Mas o destino de Franco poderá também depender da Igreja Católica. O arcebispo de Madrid, Carlos Osoro, não se opôs à exumação do ditador do Vale dos Caídos, mas assinalou recentemente que não se poderá opor à vontade da família, de levar os restos mortais até à Catedral de La Almudena.  

“Não temos qualquer problema em acolher ninguém. Há uma propriedade de Franco e, naturalmente, como qualquer cristão, ele tem o direito de ser enterrado onde a família achar conveniente. Não é um problema para o arcebispo ou para a Igreja”, apontou o arcebispo, citado pelo El País.  

Ainda que o direito canónico proíba desde 1983 a sepultura de cadáveres dentro de igrejas “a não ser que se trate do Pontífice Romano, dos Cardeais ou dos Bispos diocesanos”, a norma acaba por não ser respeitada tendo em conta as próprias necessidades da Igreja Católica. 

“A lei é muito clara, mas a Igreja financia-se graças aos enterros em sepulturas e columbários, tanto em paróquias humildes como nos grandes templos”, referia o especialista José Manuel Vidal.  

Sabe-se para já que este caso concreto está a gerar desconforto na Igreja, particularmente em Madrid. Os responsáveis temem que a sepultura de Franco em La Almudena leve ao boicote da igreja pelos fiéis, mas relevam também preocupação com eventuais manifestações e perturbações da ordem pública que possam ocorrer junto a catedral, caso esta passe a acolher os restos mortais do ditador. 

No entanto, a Igreja poderá não arriscar uma segunda afronta à família de Franco, poucos meses depois de não ter contrariado a votação de exumação no Congresso dos Deputados. Nessa altura, a ala católica mais conservadora de Madrid criticou a decisão de Carlos Osoro. 

Entretanto, um grupo de eurodeputados apelou ao Papa Francisco para que evite a sepultura de Franco em La Almudena, evitando que este se torne um ponto de “peregrinação fascista”.

Agora, o Governo de Pedro Sánchez corre contra o tempo, uma vez que prometeu que o problema ficaria resolvido até ao final deste ano, mas não previu que os Franco levantassem a possibilidade de sepultar o antigo ditador na catedral madrilena.  

 “Este é um golpe de génio da família de Franco, e o governo tem sido naïve.

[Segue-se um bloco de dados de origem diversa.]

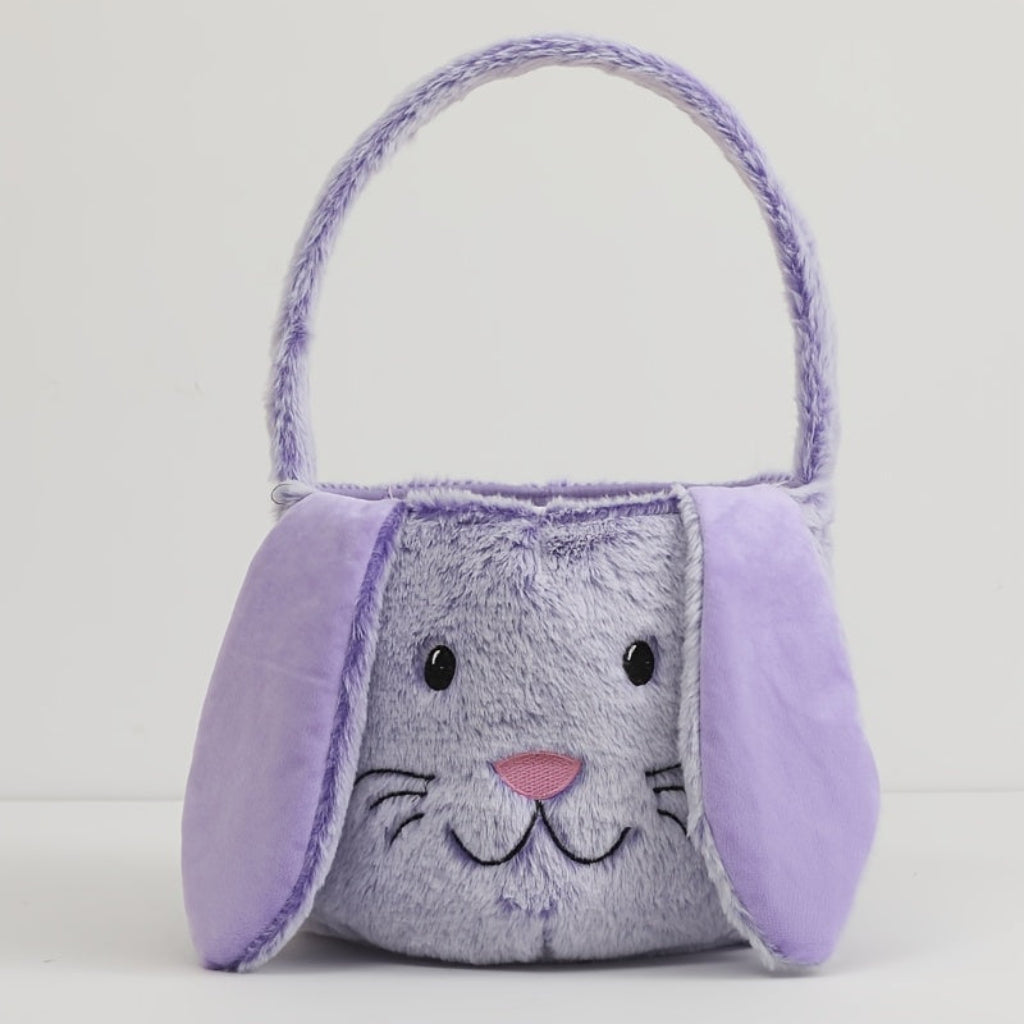 Easter Monday Bunny Bag Drawstring Bag Kids Gift Easter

A situação é diabólica. Preferia que Franco continuasse no Vale dos Caídos do que em La Almudena, perto do Palácio Real”, confessa Carlos García de Andoain, responsável pelo primeiro comité criado em 2011 para estudar a exumação dos restos mortais de Franco. 

O memorial em Vale dos Caídos foi construído entre 1940 e 1958 por ordem de Francisco Franco, e é onde os restos mortais do ditador se encontram desde a sua morte, em 1975. Erguido para homenagear os que lutaram pelo regime franquista na guerra civil espanhola, o mausoléu é na verdade uma das maiores valas comuns em solo europeu, onde estão também seputados combatentes anónimos do lado republicano do conflito.